Karachi, November 27, 2024 – The Pakistani rupee slipped by 12 paisas on Wednesday, closing at PKR 277.96 against the US dollar, down from the previous day’s rate of PKR 277.84 in the interbank market. This slight depreciation comes amid a rebound in international oil prices, which continues to exert pressure on Pakistan’s economy.
Currency analysts explained that as a net importer of crude and refined oil products, Pakistan’s economy is highly sensitive to fluctuations in global oil prices. The recent increase in oil prices has directly impacted the rupee, further straining the country’s foreign exchange position. Additionally, improving economic indicators have driven up the demand for industrial raw materials, which has added to the pressure on the rupee.
Despite this decline, analysts are optimistic about the rupee’s medium-term outlook. They pointed out that easing geopolitical tensions in the Middle East could stabilize global markets, providing indirect support for the Pakistani currency. Furthermore, consistent inflows from exports and remittances have played a significant role in offsetting some of the downward pressure.
The State Bank of Pakistan (SBP) recently reported a $29 million increase in foreign exchange reserves for the week ending November 15, 2024, raising reserves to $11.288 billion. Export earnings also contributed to a notable $84 million rise in official reserves, which now stand at $11.257 billion. These developments have instilled confidence in investors, with equity markets showing modest recoveries.

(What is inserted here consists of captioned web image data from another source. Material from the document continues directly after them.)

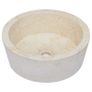 Sink Cream dia 40x15 cm Marble Image 2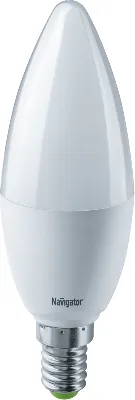 Лампа светодиодная 61 325 NLL-C37-8.5-230-4K-E14-FR 8.5Вт свеча матовая 4000К нейтр. бел. E14 680лм 176-264В Navigator 61325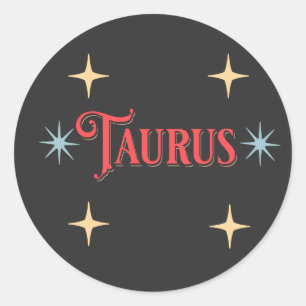 Taurus Astrological Sign Classic Round Sticker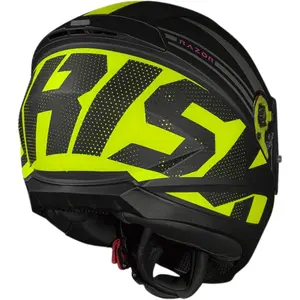 Imagem 9 de Capacete Norisk Razor Full - Preto/Amarelo Fosco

However, experts emphasized the need for long-term structural reforms. Addressing weaknesses in the export sector and reducing reliance on short-term inflows are crucial for sustaining the rupee’s stability. They also stressed diversifying the economy, strengthening the domestic industrial base, and enhancing trade relations to ensure resilience against external shocks.
While remittances and rising reserves offer temporary relief, lasting economic progress will depend on implementing reforms that enhance export-driven industries and foster sustainable growth.